Design Engineering

Festo invests in future smart factory vision


General DPN

Smart Factory, Industry 4.0, Smart Manufacturing: these and other largely vendor-driven collaborations around the world have the same overriding objective – to develop smart manufacturing technologies that take plant-wide productivity to new heights.

The excitement being generated by this movement has some manufacturers concerned that change is coming too fast. Dr. Eberhart Veit, CEO of global automation giant Festo, offers this reassurance: Change is going to be evolutionary, not revolutionary, and very customer-centric. Only those smart technologies offering “true customer benefits” will succeed.

Festo expects to be workIng more closely than ever with customers tailoring these technologies to their needs. “Customers expect more and more customer-specific solutions,” says Dr. Veit. “They are not willing to take standard ones, and they will not wait.”

Festo is participating in Germany’s Industry 4.0 initiative while making major investments to reap its benefits. The company is building two facilities at a total cost of €108m ($153 million) that will increase its capability to design and test future automation technologies and processes, often in collaboration with customers.

Though only partially completed, the high-rise Automation Centre already is the most visibly striking structure on the Festo campus in Esslingen, near Stuttgart. Nearby in Ostfildern-Scharnhausen, the Technology Plant will benchmark new products and processes.


In Festo’s vision of the future factory, control functions now residing at the top level of the automation pyramid will shift downwards, with intermediate components given the functionality to process orders dispatched from above. Such adaptive components will function collaboratively to form their own networks.
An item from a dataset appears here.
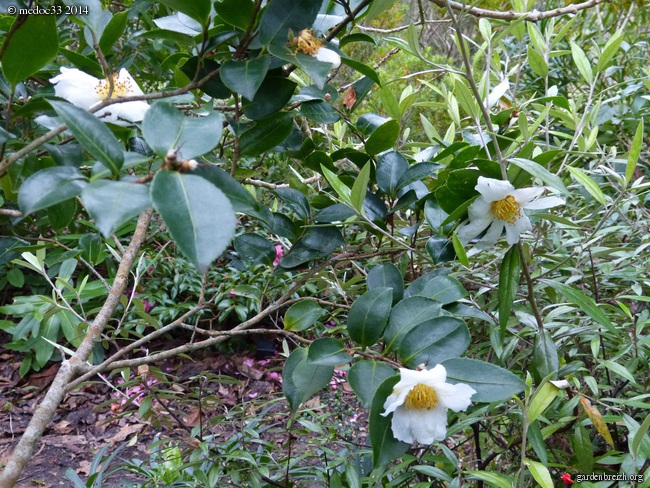 Les Camellias saison 2013-2014 - Page 4 GBPIX_photo_613271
(One example of how Festo is preparing for this: The company has embarked on a multi-year program to develop its existing CPX modular electrical terminal series into a common platform for electrical and pneumatic automation with a common software infrastructure for both technologies. This CPX will control all automated processes, while still interfacing perfectly well with top-level host systems.)

Future smart production technologies will be more economical, flexible and adaptable, faster to set up and more energy efficient. Yet workers won’t disappear from the shop floor. In fact, there will be increased opportunities for closer collaboration between humans and technology in the manufacturing environment through concepts such as collaborative robotics.

Creating and commercializing these and other smart factory concepts will require changes of mindset. Greater inter-disciplinary collaboration will be paramount. “Closer collaboration will be required between the hardware designer and software programmer as devices become more intelligent,” says Dr. Veit, a mechatronic engineer himself.

Future manufacturing technology will be more knowledge-based, necessitating better knowledge management. It will be critically important to understand the factory on three levels – the plant as a whole, the end-to-end production processes within and the automation supporting each process.
That will place added emphasis on industrial education and training, an area in which the company already has a global presence through Festo Didactic, its industrial education division. Festo Didactic was further strengthened by the recent acquisition of North American-based Lab-Volt, a specialist in technical training and continuing education for electronics, electrical and mechanical engineering and telecommunications. The former Lab-Volt facility in Quebec City, which employs over 200, will play a major role in developing and producing training systems and education programs for the future factory.

This focus on education and training underscores Festo’s belief that the smart factory is a journey, not a destination. It will be continually evolving, and operators should take a long view about change. Festo has taken such a long view in product development through its unique Bionic Learning Network and Futures Concept.

Visitors to major trade shows have seen Festo’s experimental SmartBird fly and Bionic Kangaroo jump, but what it really gets out of the Bionic Learning Network is greater understanding of how nature achieves perfection in areas important to future product development goals, such as lightweight design, functional integration, enhanced connectivity and energy efficiency. This knowledge is being applied to prototypes of products that will enable future factories to achieve new levels of proficiency or efficiency.

For example, developing a mechanical kangaroo is providing Festo with deeper knowledge about energy recovery and storage. In the wild, a kangaroo recovers and stores energy each time it lands, then utilizes it on the next jump. The Bionic Kangaroo’s jumping capability combines pneumatic and electric automation storage – including electrical drives for precise movements, pneumatic actuators for dynamic jumping, Achilles tendons to store energy and re-use it again for the next jump, valve sensors, CECC control system and a mobile energy supply.

If this research seems esoteric, some products based on these mechanical imitations of nature are being incorporated into commercial applications, or will be shortly.

Festo’s award-winning Bionic Handling Assistant, inspired by the elephant trunk, is being adapted for use in robotic automation solutions. Its NanoForceGripper, inspired by the gecko, can grasp smooth-surface, fragile objects like drinking glasses or smartphone display modules with almost no expenditure of energy, making it a potential tool for enhanced pick and place systems.

Festo sees products that owe their origin to the Bionic Learning Network effort becoming catalysts for major gains in manufacturing productivity that can make the smart factory of tomorrow an even smarter investment for plant operators.